[Beowulf] Register article on Epyc (Brian Dobbins)

Gus Correa gus at ldeo.columbia.edu
Thu Jun 22 15:36:58 PDT 2017


On 06/22/2017 05:04 PM, John Hearns wrote:
> David, you recall correctly. I recall working with Clustervision. We 
> installed the first 64 bit x86 cluster in the UK,
> at the chemistry department in Manchester University.  AMD CPUs, 1U 
> pizza boxes.
We had a Sun Linux cluster with Opteron 244 (?)  (SunFire v20 servers?)
here at about that time (2004).
Fancy back then, with "service processors" (kind of IPMI), etc.
They're not even on eBay anymore.
> For the life of me I Cannot recall the manufacturer... but it was a 
> white box.
> Remember that SuSE hired the guy who ported to the x86-64 
> architecture.

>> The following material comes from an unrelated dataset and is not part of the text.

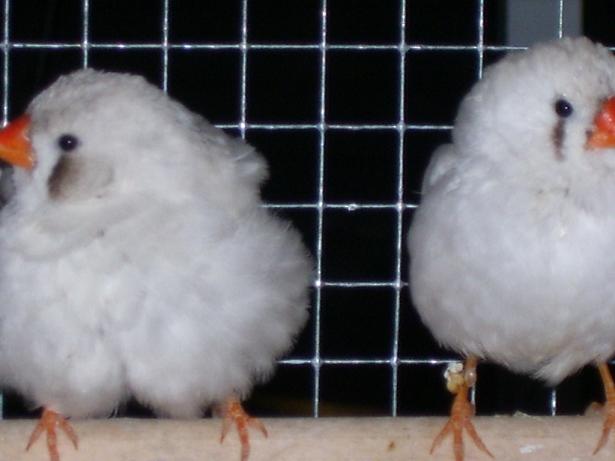 photo tourterelles 020.jpg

I remember him giving LUG talks...
> (arghhh.. name escapes me too...)
Oh, don't worry about the lapse.
Memory bandwidth is an AMD thing only.

**

We have a 2013 AMD Abu Dhabi/Piledriver cluster, and
the two-core-shared floating point unit makes it
perform worse than comparable Intel processors
of that time (Sandy Bridge) ... but it cost significantly less,
and still supports our computational needs well.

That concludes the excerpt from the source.